Renversement de marché

Enfin, du côté de la demande, les batteries au lithium évoluent sans cesse, laissant derrière elles deux filières aux rentabilités très différentes.

D’une part, les accumulateurs lithium-phosphate de fer, les plus anciens et les moins coûteux, équipent les véhicules électriques bas de gamme, c’est-à-dire à faible autonomie kilométrique. Cette technologie embarque du carbonate de lithium en production directe des salars.

D’autre part, les batteries lithium nickel-manganèse-cobalt (NMC) équipent les véhicules haut de gamme réclamant d’aller plus vite et plus loin. Elles consomment de la lithine ou hydroxyde de lithium, produit à partir du carbonate des salars andins ou bien directement des mines de spodumène.

Il serait tentant d’affirmer que les salars produiront du carbonate de lithium pour les petits véhicules, et les spodumènes de la lithine pour les plus lourds. Mais une nouveauté en amenant une autre, l’hydroxyde de lithium, généralement plus onéreux que le carbonate, peut être produit de façon plus économique à partir des spodumènes australiens qu’à travers l’étape du carbonate andin. Une nouvelle baisse de coût, s’ajoutant à celle des prix du lithium déjà divisé par trois depuis le pic du printemps 2016, serait une excellente nouvelle pour les batteries NMC.

Il pourrait même devenir compétitif de produire du carbonate à partir de la lithine australienne au lieu de l’obtenir directement du triangle andin. Un tel renversement de marché condamnerait la production des salars à suivre à la baisse les coûts de production des mines australiennes, alors que jusqu’à il y a peu, c’est à Santiago que se faisaient les prix mondiaux. A terme, la progression des technologies de production provoquera sans doute une nouvelle équipollence économique entre les deux sources de carbonate et de lithine.

Baisse des prix et concurrence

Il y a quelques mois, le déséquilibre entre offre et demande justifiait des interrogations. Mais avec l’exploitation de nouveaux gisements, les consommateurs ont retrouvé une relative tranquillité depuis que doubler voire tripler la production actuelle pour atteindre le million de tonnes par an est envisagé plus sereinement.

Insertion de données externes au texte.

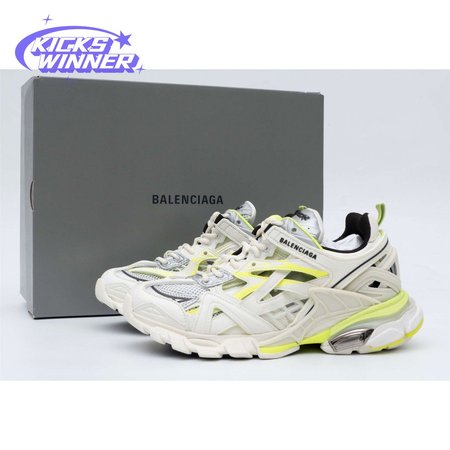 Balenciaga Track.2 White Fluo Yellow SP35-45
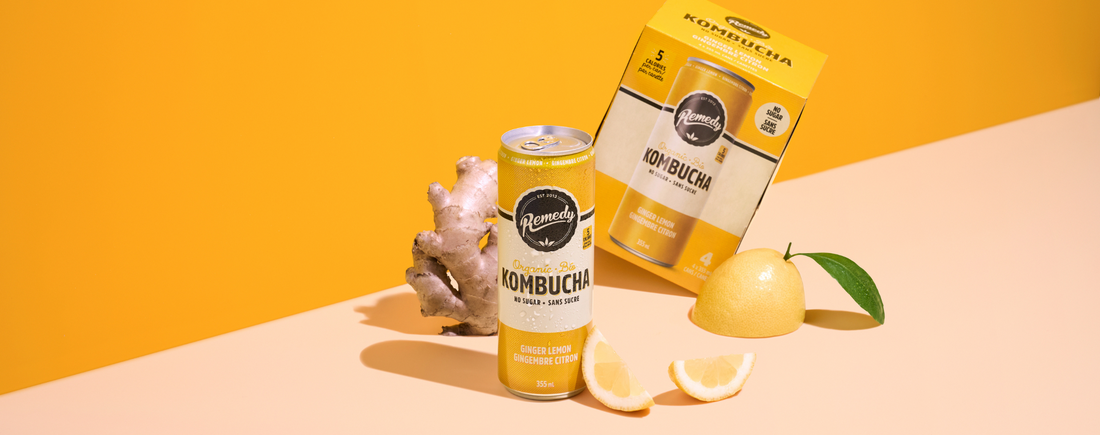 What Is Kombucha?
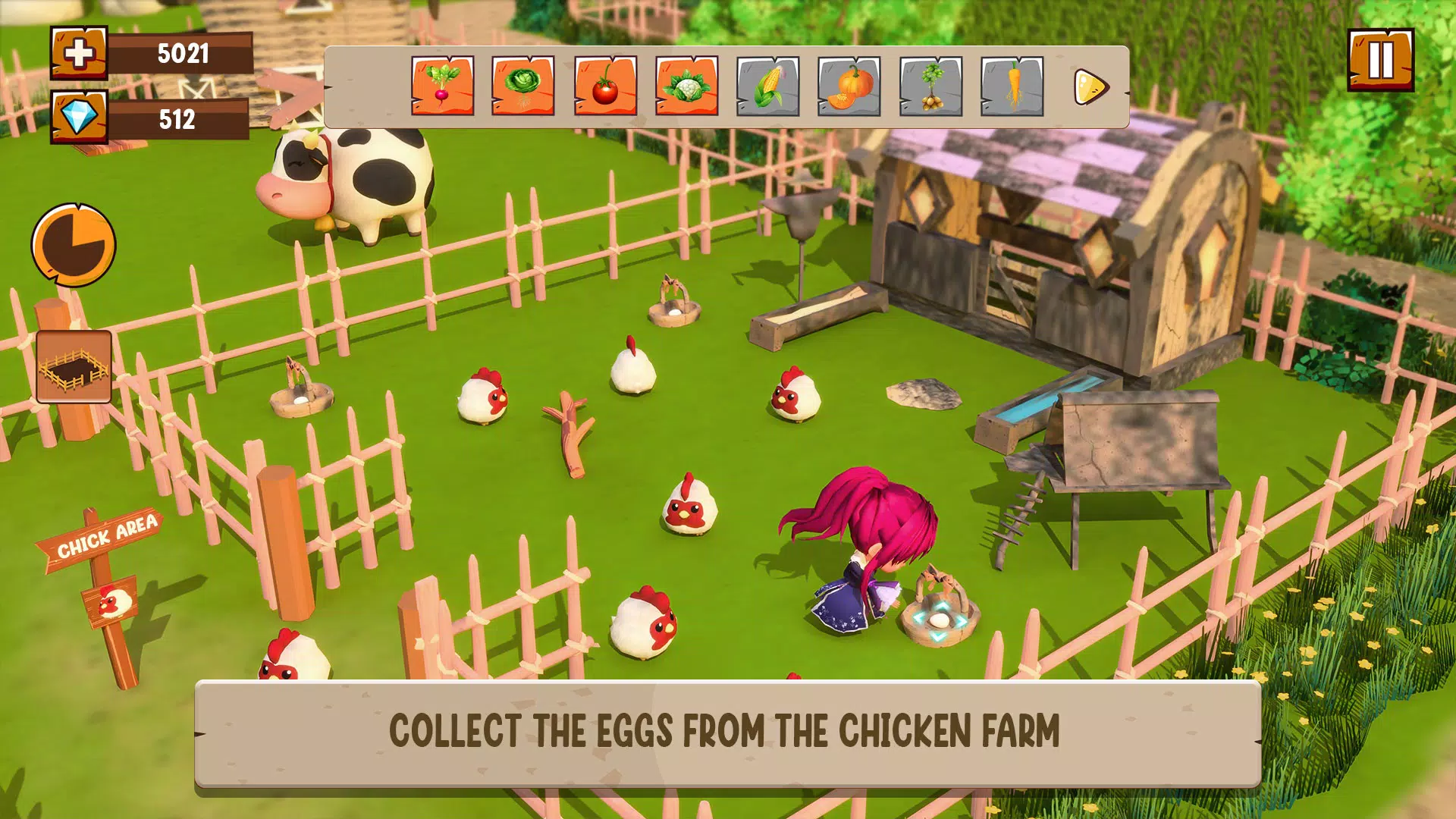 农业和建筑模拟器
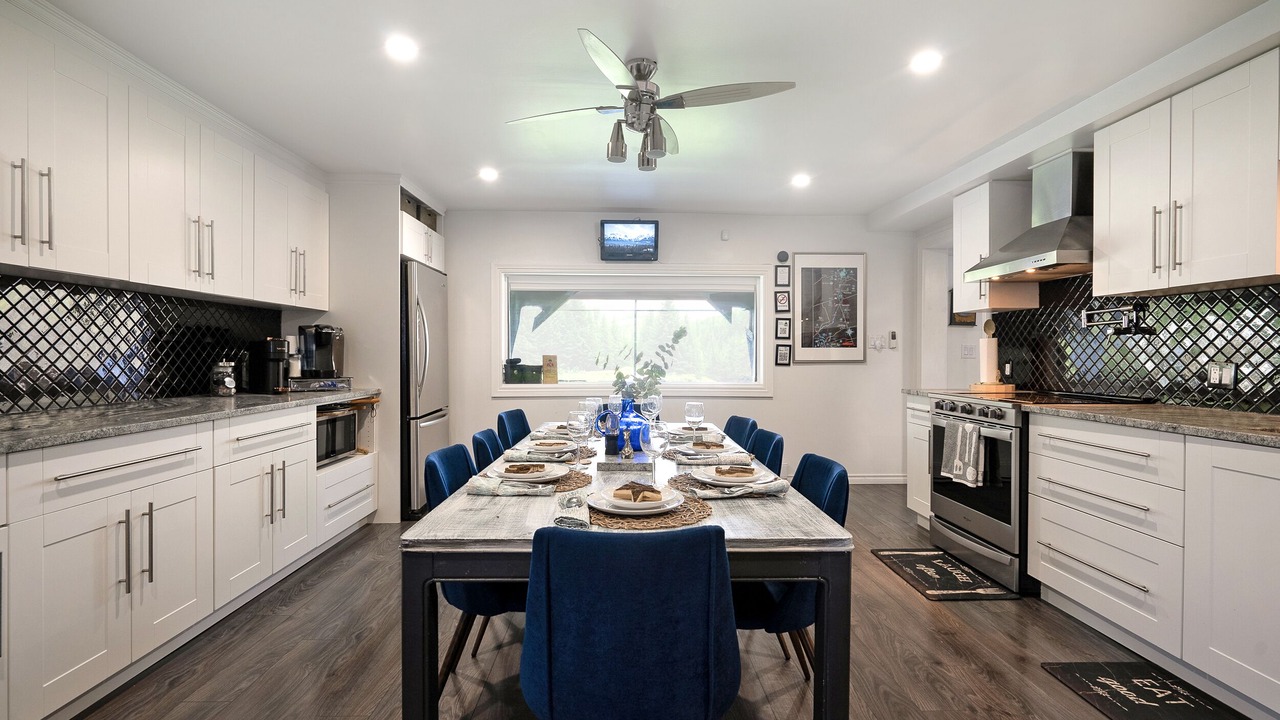 Photo of Kitchen in Thomasburg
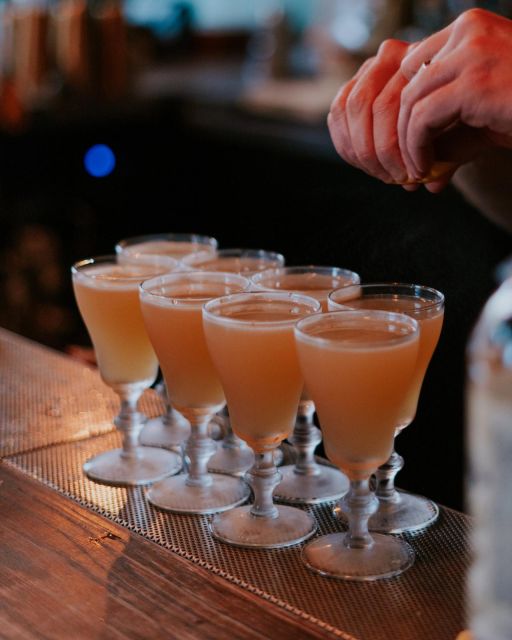 Charleston: Sip History In a Secret Speakeasy Cocktail Class - Practicalities: Availability and Reviews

Toutefois, l’augmentation des capacités provoquerait une baisse des prix et accroîtrait la concurrence entre les producteurs de part et d’autre du Pacifique. Si cette compétition perdurait sans progrès dans les techniques d’affinage et la flexibilité des processus, ou sans que l’augmentation du taux de pénétration des automobiles électriques ne génère une légère hausse des prix, alors les nouveaux projets de production de lithium, notamment en Amérique du Sud, pourraient être abandonnés.

La guerre du lithium n’a donc pas eu lieu, et peut-être n’aura-t-elle jamais lieu si, à la suite des batteries NMC, et après la prochaine étape des accumulateurs à lithium solide (sans alliage nickel-manganèse-cobalt), le lithium disparaît à son tour et est remplacé par un élément abondant, comme par exemple le sodium.